Marla looked at the piece Pam was working on today; another delicately drawn picture of what appeared to be a desk with pens, pencils and scissors. “You gravitate towards still lifes, do you think there’s a reason for that?”
Pam glanced at her own drawing, “Because they don’t change, I guess. Like, they stay in one place.”
Marla smiled, wondering if Pam knew how honest the answer she gave was. “On Wednesday I'm going to have your class start your midterm project, and the assignment is to create a piece that includes yourself in some way.”
“Like a self portrait?”
“It could be a self portrait, or a landscape of a park with you at a bench, it could just your hand holding an object with significance to you. Just some part of you has to be included. So, start thinking about what you might make, and maybe sketch out some ideas if you find the time.”
Marla couldn’t read Pam’s expression as she looked to nothing in particular before meeting her eyes and saying that sounded good.
* * * * *
The following Monday, Pam came to class late. Marla couldn't help but notice the bags under her eyes and her slumped shoulders. As class ended, Marla called Pam over. She assumed Marla wanted to talk about her tardiness and started apologizing profusely, but Marla assured her it was no big deal and asked how her midterm project was going.
Pam nodded furiously and said it was fine, before biting her lip and admitting that she hadn’t worked on it much. “There’s been some personal stuff going on,” she said quietly and quickly.
Marla assured her that was okay, and she still had another two weeks, and noticed Pam’s eyes getting shiny. “Is it something you need to talk about?”
Pam shook her head and took an unsteady breath. “It’s just…”
Marla took a glance around the room. “We’re the only ones in here, Pam.”
A sob escaped Pam’s lips before she could cover her mouth, and Marla rested her hand on Pam’s shoulder.
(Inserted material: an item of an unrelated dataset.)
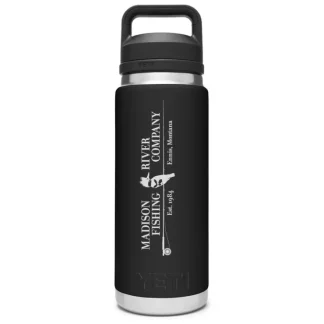 YETI Rambler 26oz. Bottle Chug Logo Black - Your Premium Fishing Gear Store Rods Lines Baits Accessories^ Online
Pam somehow found the courage to look at her with red eyes and a trembling chin.
“I have made so many mistakes this last year,” Pam whispered. “And when I try to fix them…I just keep…” Her chin was shaking too much to continue and she looked down to her shoes.
“Oh, sweetie,” Marla said softly as she pulled a tissue from her pocket. Pam thanked her and whipped her eyes and nose.
“And I have no idea what to draw,” Pam said after she composed herself. Marla chuckled at her concern about her project, and Pam let out a soft laugh before look down to her shoes.
“Maybe a mistake can be your subject.”
Pam sniffed, her brows knitted in confusion when she looked back up.
“You said you’ve made a lot of mistakes, so maybe that should be the subject, how you felt at the time, how you feel about it now.”
Pam nodded slowly and blew her nose one last time. "And we'll have a class critique?"
"We will, and I know it can be very daunting to share personal work with others, but try your best not to think about that part of it, just focus on your work," Marla said. She smirked, "Remember that guy who said your art lacked courage and honesty?"
"Yeah," Pam said with a light scoff.
Marla reached up to squeeze Pam's shoulder. "Prove him wrong."